ACTIVITY - Exact copies of the lines from the one with "Modern Postcard the" through the last line of the entries, and no pictures, make up the answer.

EXERCISE MATERIAL -
★ ★ ★ ★ ★
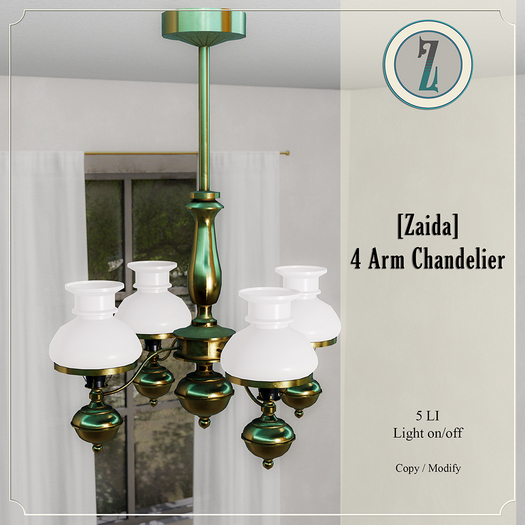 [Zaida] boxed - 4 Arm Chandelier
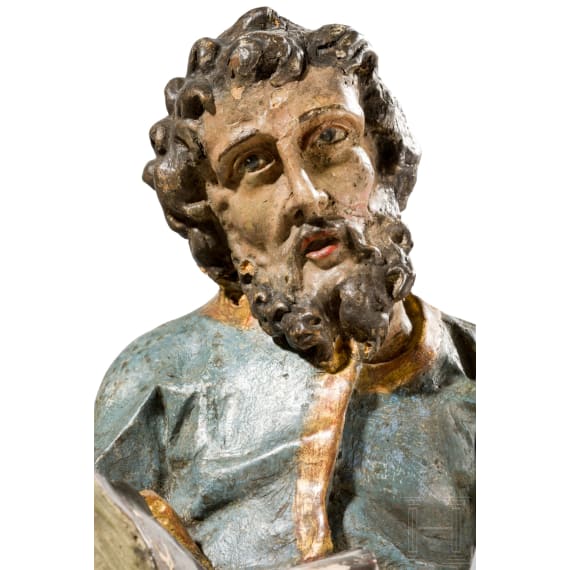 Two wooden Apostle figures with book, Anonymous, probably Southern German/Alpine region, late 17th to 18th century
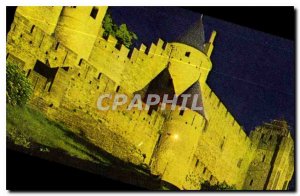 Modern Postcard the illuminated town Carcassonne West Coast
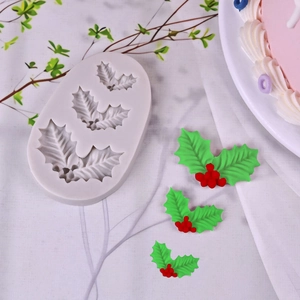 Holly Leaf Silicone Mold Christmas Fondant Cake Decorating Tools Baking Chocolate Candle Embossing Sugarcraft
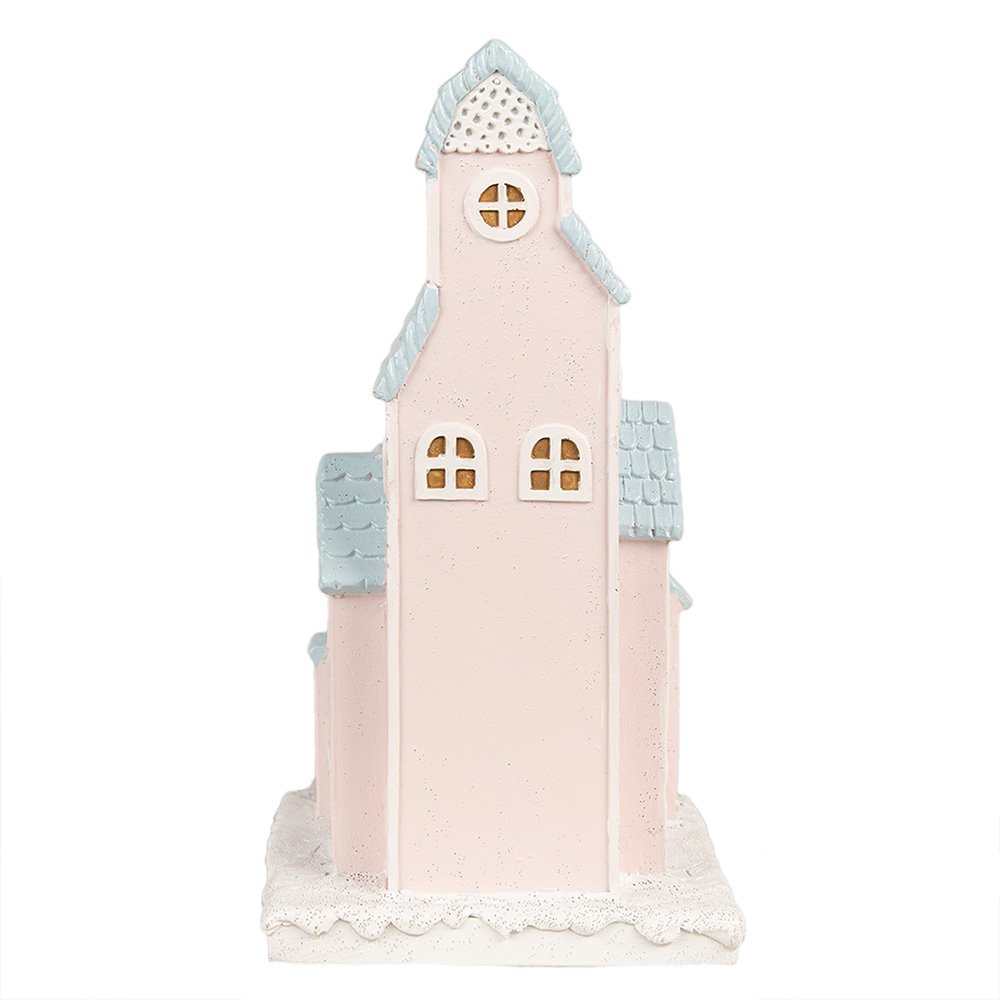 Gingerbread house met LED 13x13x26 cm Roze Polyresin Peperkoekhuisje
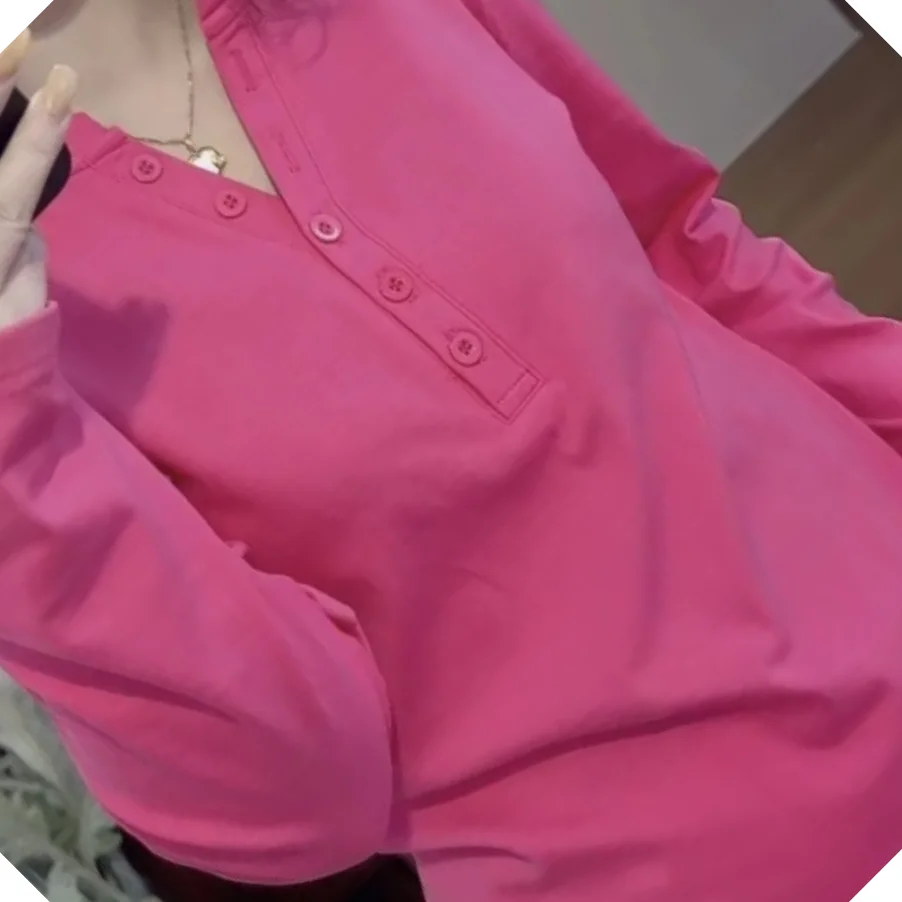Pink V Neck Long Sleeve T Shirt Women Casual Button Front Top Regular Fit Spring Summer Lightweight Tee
★ ★ ★ ★ ★
REPLY -
 Modern Postcard the illuminated town Carcassonne West Coast
 Holly Leaf Silicone Mold Christmas Fondant Cake Decorating Tools Baking Chocolate Candle Embossing Sugarcraft
 Gingerbread house met LED 13x13x26 cm Roze Polyresin Peperkoekhuisje
Pink V Neck Long Sleeve T Shirt Women Casual Button Front Top Regular Fit Spring Summer Lightweight Tee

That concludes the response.